The specific aetiological agent for Fahr’s disease has not yet been identified. The disease has autosomal dominant, and less commonly autosomal recessive, patterns of inheritance, with three loci suggested so far: chromosomes 14q, 2 and 8[3]. Both sporadic and familial cases have been reported. Patients present with an array of clinical symptoms due to lack of full penetrance of the gene[4]. No relatives of our patient with similar neuropsychiatric symptoms were identified. Basal ganglia calcification is associated with conditions such as endocrine disorders (idiopathic, pseudo or secondary hypoparathyroidism), infections (intra-uterine or perinatal infections, brucellosis, toxoplasmosis, tuberculosis) and inherited syndromes (Aicardi-Goutieres syndrome, Coat’s disease, tuberous sclerosis complex)[5]. In our case, the condition was found to be a complication of thyroidectomy. It has been postulated that calcium deposition starts approximately three decades before clinical symptoms appear.
Based on aetiology, two forms of Fahr’s disease have been suggested: primary and secondary[6]. Primary Fahr’s is the familial or sporadic type, while the secondary form is associated with metabolic or, more commonly, endocrine pathologies, as in our case[7,8].
Clinical symptoms usually appear in fourth to sixth decades of life, as in our patient.
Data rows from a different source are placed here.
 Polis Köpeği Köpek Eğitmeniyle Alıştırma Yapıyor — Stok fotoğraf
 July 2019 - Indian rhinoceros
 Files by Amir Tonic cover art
The spectrum of clinical expression is very wide and characterized by neurological, psychiatric and cognitive impairment. However, patients without these classic features have also been reported in the literature[9].
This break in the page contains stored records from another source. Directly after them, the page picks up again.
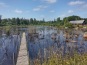 IMG_20190825_124939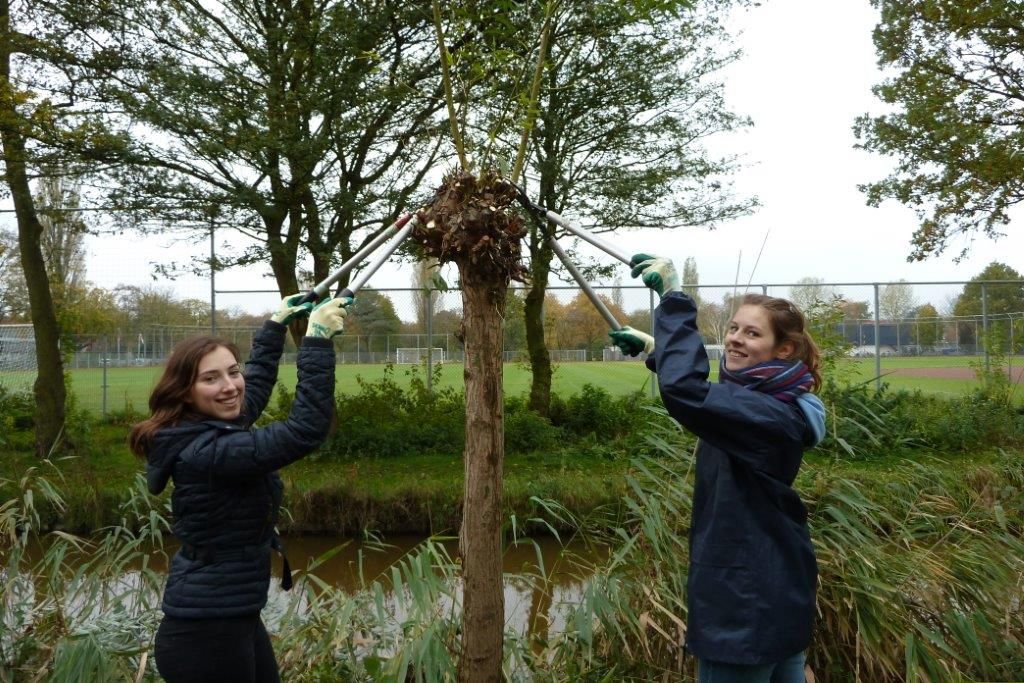 Natuurwerk door vrijwilligers in Sportpark Middenmeer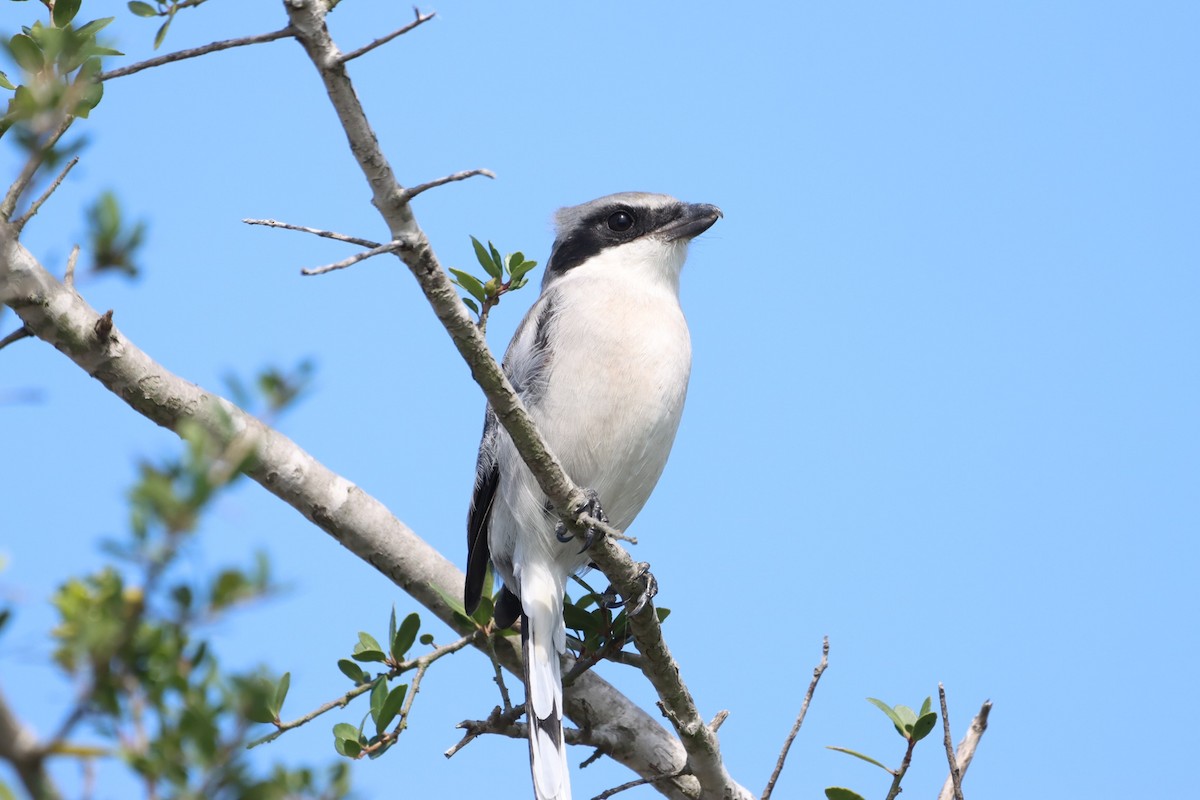 Loggerhead Shrike - ML489858501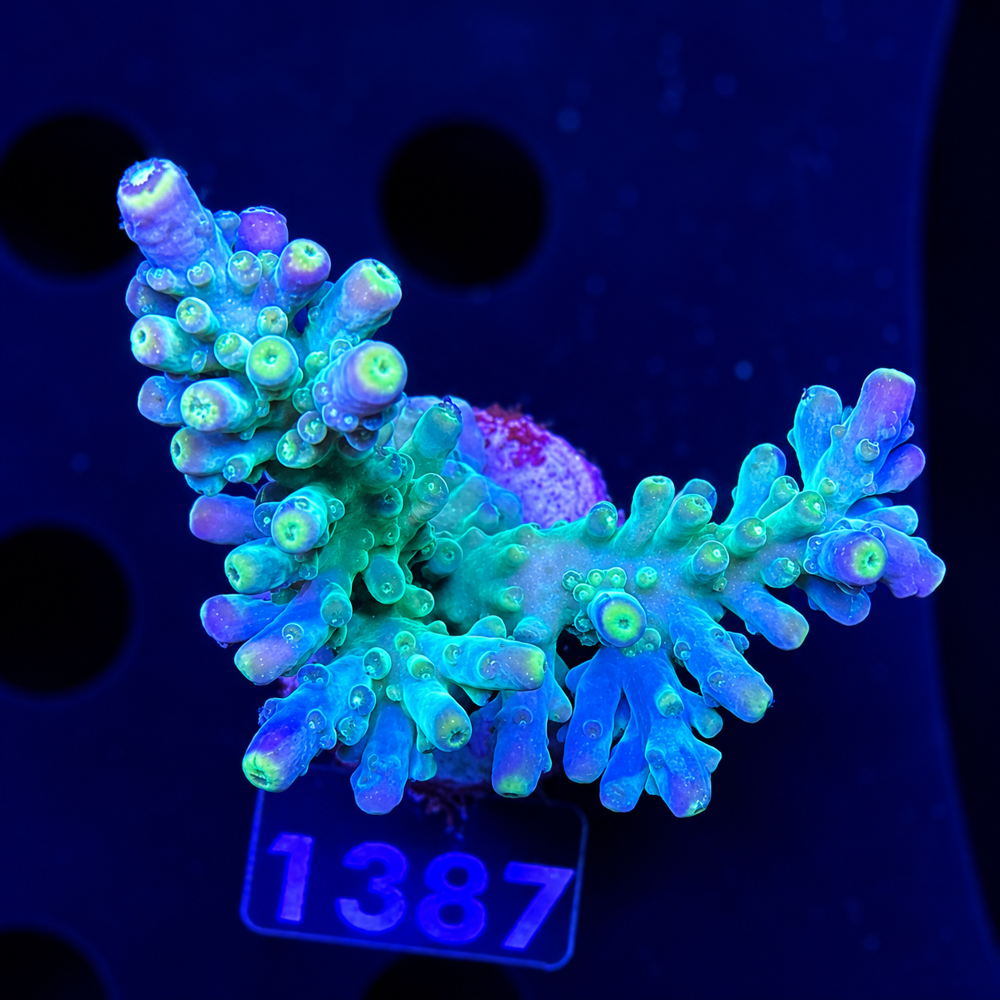 SciReef Acropora austera Grade 1 Twin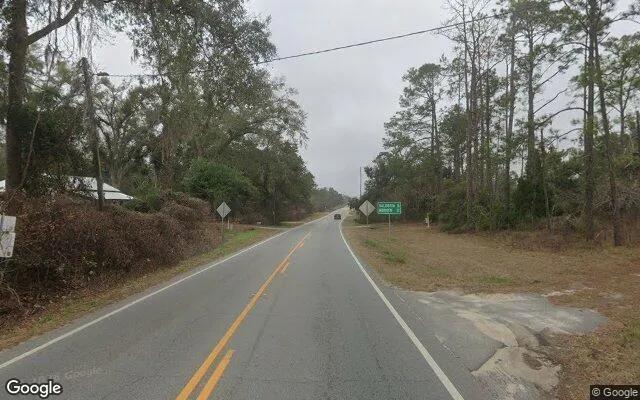 Decorative background for 3.4 Acres in Statenville - Echols County, GA image 5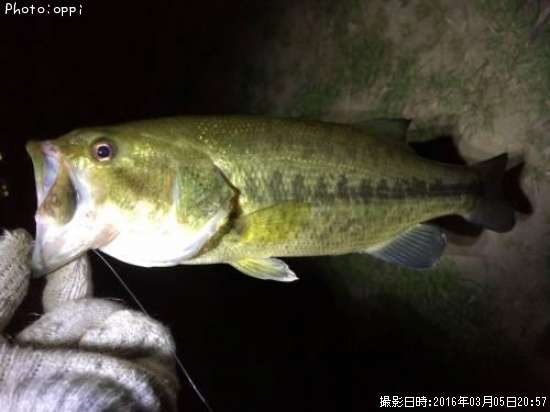 �֥�å��Х�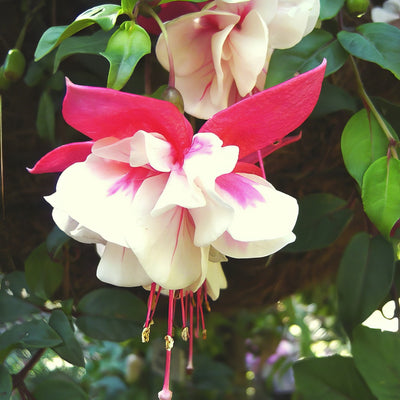 Fuchsia Countess Of Hopetoun - Garden Express Australia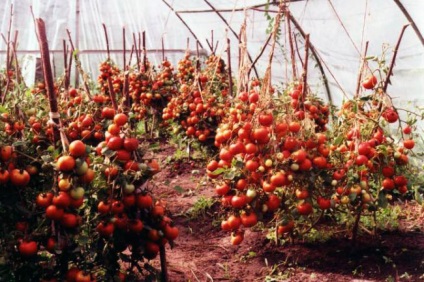 Cum să plantezi corect tomatele în schema de plantare a serelor 3x6, grădinărit24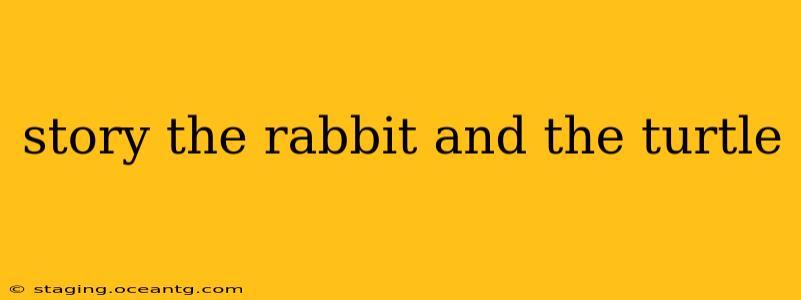 story the rabbit and the turtle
Diagnosis requires the identification of calcium deposits in the brain by non-contrast CT scanning, which is preferred over MRI for defining calcified areas. A CT brain scan can also be performed as a pre-symptomatic test in unaffected family members. The diagnosis in our patient was based on a CT scan of the brain and low PTH levels. Diagnostic criteria for Fahr’s disease are important as (a) they are helpful in cases of Fahr’s disease with a negative family history and (b) there are several conditions which also show symmetrical basal ganglia calcification.
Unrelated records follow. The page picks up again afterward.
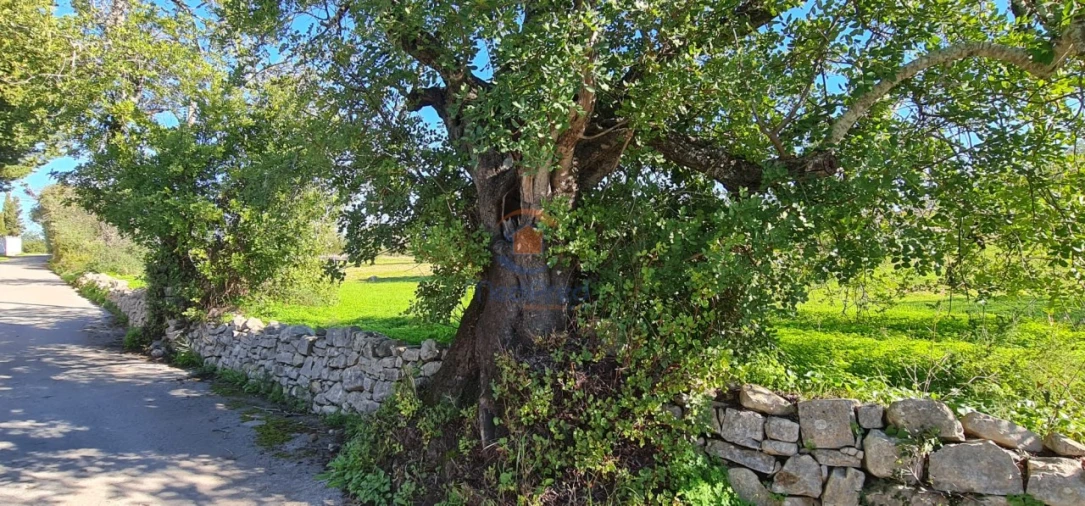Negócio para Venda em São Brás de Alportel Foto 8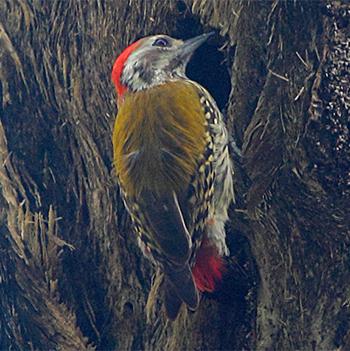 Abyssinian Woodpecker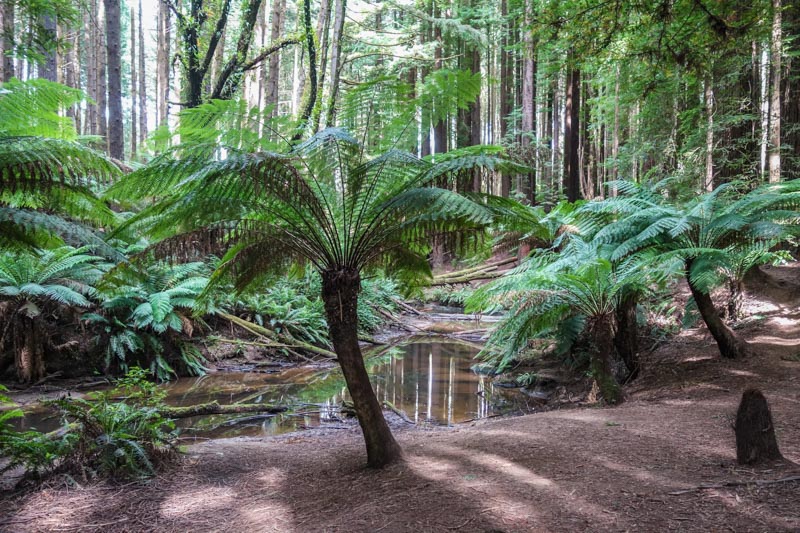 19_Californian redwood forest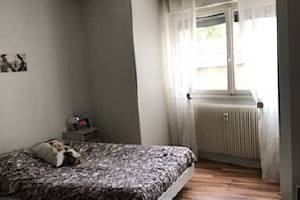 Location appartement 2 pièces 53 m2 - Strasbourg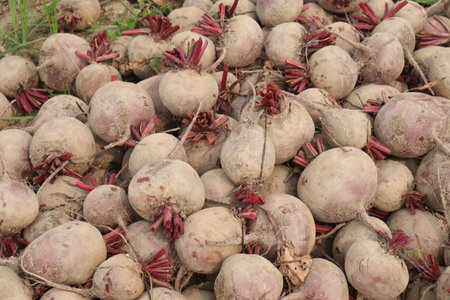 Beetroot plant on farm for harvest are cash crops.の写真素材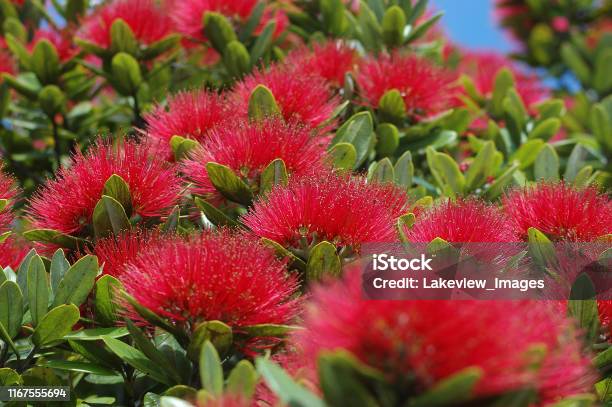 Kawa Blossoms on Red Kawa Blossoms on Red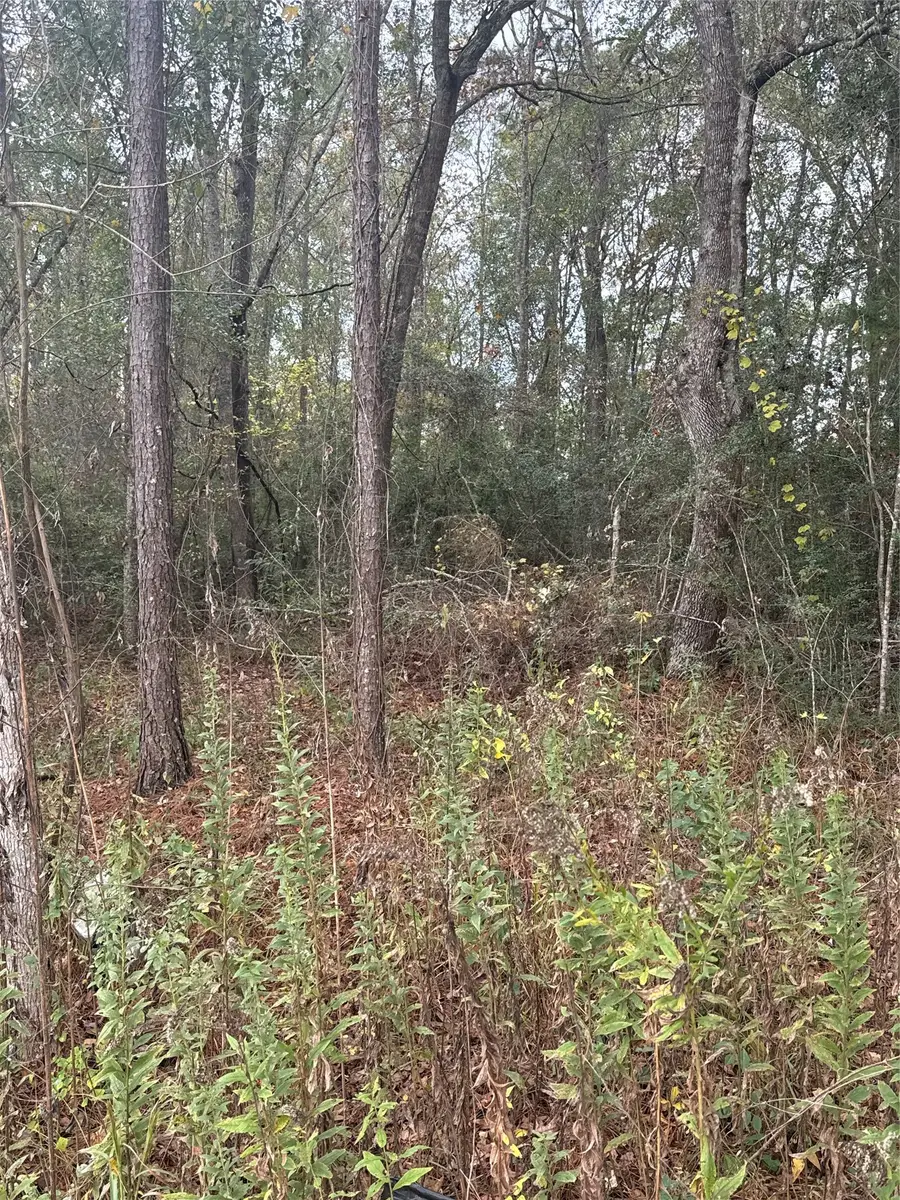 TBD County Road 427, Dayton, TX 77535 - #2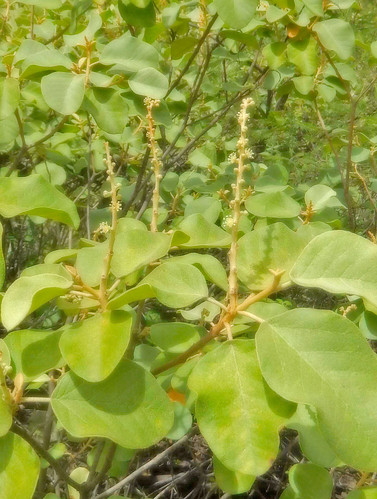 170227 2017 catamayo croton crotonmenthodorus crotonsp ecuador euphorbiaceae malpighiales rosids flower wildflower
The diagnostic criteria for Fahr’s disease[6] are listed below:

Definitive treatment for primary Fahr’s has not been defined. However, correction of metabolic derangements such as low calcium or phosphorus levels, can result in some improvement, as in our case, and delay progression[10]. Other symptoms are usually treated symptomatically according to the brain area affected.
The patient we describe developed secondary hypoparathyroidism due to subtotal thyroidectomy performed 25 years previously which resulted in the development of Fahr’s syndrome. Therefore, we recommend CT imaging and measurement of serum calcium levels as part of long-term follow-up of patients after thyroidectomy.